AILMENT: A Novel Machine Learning Framework for Prediction and Analysis of Microbial Involvement in Colorectal Cancer
1. Install Requirements
Data analysis in R (PCA, alpha diversity, beta diversity):
install.packages("ggplot2")
install.packages("factoextra")
install.packages("dplyr")
install.packages("vegan")
(For gene expression profile) Ensembl_id annotation in R:
install.packages("BiocManager") # BiocManager is required to install Bioconductor packages
BiocManager::install("biomaRt")
install.packages("dplyr")
Machine learning in Python:
pip install pandas numpy matplotlib seaborn scikit-learn imbalanced-learn
--
2. Prepare your microbial relative abundance dataset (normalization and clean)
import pandas as pd
# Assuming your "data" is rows with samples and columns with taxa at the species level
data = pd.read_csv("data.tsv", index_col=0, sep = '\t') # or CSV file
data = data[data.index.str.startswith('k__Bacteria')] # Select bacteria kingdom
# Normalization
row_sums = data.sum(axis=1)
data = data.div(row_sums, axis=0)
# Data clean (keep only the species that present in more than 50% of samples)
non_zero_counts = (data > 0).sum(axis=0)
half_samples = len(data) / 2
data = data.loc[:, non_zero_counts > half_samples]
# Remove the invalid species or genera (e.g., the blacklist mentioned in our study)
invalid_names =['f__; g__; s__','g__; s__', ...] # here also remove the empty (or un-identified taxa)
for col in data.columns:
if any(invalid_name in col for invalid_name in invalid_names):
data.drop(col, axis=1, inplace=True)
# Extract only the genus level taxonomy
def extract_taxonomy(column):
taxonomy_levels = [t for t in column.split('; ') if t.startswith('g__')]
return '; '.join(taxonomy_levels) if taxonomy_levels else column
new_columns = [extract_taxonomy(column) for column in data.columns]
data.columns = new_columns
# Summing species to genus
data = data.groupby(data.columns, axis=1).sum()
# Together with metadata ('patient_id' can be other common parts from your data)
data = pd.merge(data, metadata, on='patient_id', how='inner')
Tip: you could do similar processes for your gene expression data, or use differentially expressed gene data.
--
3. Machine learning models/framework
For conducting ML models for EMC_CanML, you can follow the code in "Examples", where you will see examples for RF or XGB with binary classification or multi-class classification.
--
4. Integrative evaluation of predictive performance (to do this, you need to collect the ML outcomes from ML models that you included in the EMC_CanML framework)

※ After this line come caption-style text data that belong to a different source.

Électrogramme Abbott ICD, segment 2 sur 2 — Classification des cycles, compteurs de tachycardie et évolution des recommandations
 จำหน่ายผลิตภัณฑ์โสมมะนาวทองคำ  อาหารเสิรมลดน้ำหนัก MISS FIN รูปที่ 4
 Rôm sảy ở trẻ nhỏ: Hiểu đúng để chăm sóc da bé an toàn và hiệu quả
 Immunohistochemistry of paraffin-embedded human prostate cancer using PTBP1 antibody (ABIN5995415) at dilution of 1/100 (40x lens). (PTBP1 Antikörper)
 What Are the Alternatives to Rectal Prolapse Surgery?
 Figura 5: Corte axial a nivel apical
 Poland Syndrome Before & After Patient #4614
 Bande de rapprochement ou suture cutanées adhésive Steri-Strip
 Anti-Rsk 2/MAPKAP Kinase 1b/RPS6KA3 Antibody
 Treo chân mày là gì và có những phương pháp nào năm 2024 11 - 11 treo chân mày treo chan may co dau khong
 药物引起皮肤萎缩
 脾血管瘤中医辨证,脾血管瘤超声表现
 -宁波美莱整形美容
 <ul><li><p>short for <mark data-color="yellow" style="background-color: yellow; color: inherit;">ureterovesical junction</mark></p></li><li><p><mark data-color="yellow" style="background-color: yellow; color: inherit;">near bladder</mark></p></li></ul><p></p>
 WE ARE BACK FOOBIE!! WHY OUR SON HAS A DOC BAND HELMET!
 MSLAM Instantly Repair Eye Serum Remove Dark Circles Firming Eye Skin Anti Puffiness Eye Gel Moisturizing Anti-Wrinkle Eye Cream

See code "Data Analysis/Accuracy_AUROC_itersPlot.ipynb" for accuracy and AUROC.
See code "Data Analysis/P_R_F1_itersPlot.ipynb" for precision, recall, and F1-score.
--
5. Integrative feature importance analysis for microbial involvement identification (to do this, you need to collect the ML outcomes from ML models that you included in the EMC_CanML framework)
See code "Data Analysis/FI_itersPlot.ipynb".